Exemplificando: suponhamos que uma pessoa tenha o nome hebraico de Mazal e o de sua mãe seja Esther. Ao calcular a soma de Mazal (77) com Esther (661), temos o valor de 738. Com este número, utilizando as tabelas e cálculos apropriados, encontramos as seguintes associações para esta pessoa: Signo: Libra (Moznaim); planeta: Júpiter (Tsedek); metal: Ferro (Barzel); dia da semana: 5ª feira; anjo: Tsidkiel; letra hebraica: Tav; emanações (Sefirot): Fundamento (Yessod) com Reinado (Malchut); cor: Azul (Cachol); além de outras informações tocantes à personalidade da pessoa.
É verdade que nossos sábios ensinam "Ein Mazal LeIsrael" - ou seja, que o povo de Israel não está limitado ao poder dos astros, mas mesmo eles admitem que cada um de nós nasce com uma influência astrológica que influenciará na determinação de suas características e talentos. O estudo da Torá e a prática dos mandamentos Divinos, principalmente de boas ações, são a forma correta de canalizar as influências Divinas que têm o poder de tudo transformar para o bem.
Fica subentendido que, na visão judaica, cada número tem o seu significado e o seu porquê, tanto no conceito positivo como no negativo - pois D'us criou o mundo onde predomina a dualidade e a pluralidade. Com exceção de D'us, tudo no mundo tem o seu oposto. Ainda assim, não há número que seja "ruim". É verdade que, no judaísmo, há números de significado muito especial, como o 18, que representa Chai - vive. Também o 77, que é valor da palavra Mazal - sorte. Os atributos da Misericórdia Divina estão associados ao número 13, assim como a força (Koach) tem valor numérico de 28. No que toca ao número 7, sabemos que todos os sétimos são queridos, pois o número sete também faz alusão à palavra Sova - abundância. É também famoso o número 5, que além de lembrar a alegria do Criador, ajuda a afastar as influências negativas. Outro número muito importante é o 26, que é o valor do Nome Inefável de D'us, ou Tetragrama, conhecido por "Ha-va-ie". Este Nome Divino é formado por quatro letras: Yud (10), Hei (5), Vav (6) e Hei (5) e se refere ao Eterno, ou seja, a D'us Infinito, que transcende a Criação, a natureza, o tempo e o espaço em sua totalidade; ou seja, é o nível de Divindade que criou o Universo do nada e que continuamente sustenta toda a Criação.

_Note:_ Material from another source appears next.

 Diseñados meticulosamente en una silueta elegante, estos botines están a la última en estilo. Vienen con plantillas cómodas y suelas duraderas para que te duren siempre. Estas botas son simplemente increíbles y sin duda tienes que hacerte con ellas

Em nosso livro, "Numerologia judaica e seus mistérios" (editado no Brasil pela editora Maayanot), mostramos muitos tipos diferentes de codificações na Torá por meio dos números, tabelas, além de uma enorme quantidade de aplicações com exemplos e explicações, de acordo com a mais seleta tradição judaica, sobre os significados de nomes, astrologia judaica e, principalmente, dos números. Não podemos deixar de mencionar o Pirkei Avot, um dos tratados mais estudados da Mishná: "Rabi Eleazar, filho de Hismá, dizia: Os cálculos das épocas do ano e a numerologia judaica (Guimátria) são os aperitivos da sabedoria". Muitos dos nossos sábios, tais como os rabinos Moshe Cordovero, Shlomo Alkabets, Avraham Abuláfia, Yossef Gikatilla, Nathan Nata ben Shlomo Spira, o Arizal, o Baal Haturim (que fez seus comentários das parashiot, ou "porções" da Torá, embasados principalmente na Guimátria), entre muitos outros, concordavam que a ciência da Guimátria estimula a alma e atiça a vontade de se aproximar, cada vez mais, da Infinita Sabedoria de D'us.

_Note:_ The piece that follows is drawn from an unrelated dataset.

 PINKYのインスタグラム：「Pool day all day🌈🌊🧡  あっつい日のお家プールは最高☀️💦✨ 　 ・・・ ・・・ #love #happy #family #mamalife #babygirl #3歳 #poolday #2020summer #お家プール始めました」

Já que estamos às vésperas do Ano Novo Judaico de 5767, vamos analisar o que a Guimátria diz sobre o número 67. Seguem-se duas excelentes expressões, em hebraico, cujo valor numérico é 67. A primeira é Kol Tuv (tudo de bom) e a segunda é Yom Chag (dia de festa). O acróstico com as letras que compõem o próximo ano é formado por Tav, Shin, Samech, Zayin (5767), podendo ser lido como: "Que seja um ano com tudo de bom" ou, "Que seja um ano em que cada dia seja alegre como um dia de festa".
Que possa ser a vontade do Todo-Poderoso iluminar os nossos caminhos para que possamos entrar numa nova era e navegar no mar da Torá com grande sabedoria e, principalmente, com muita paz e felicidade.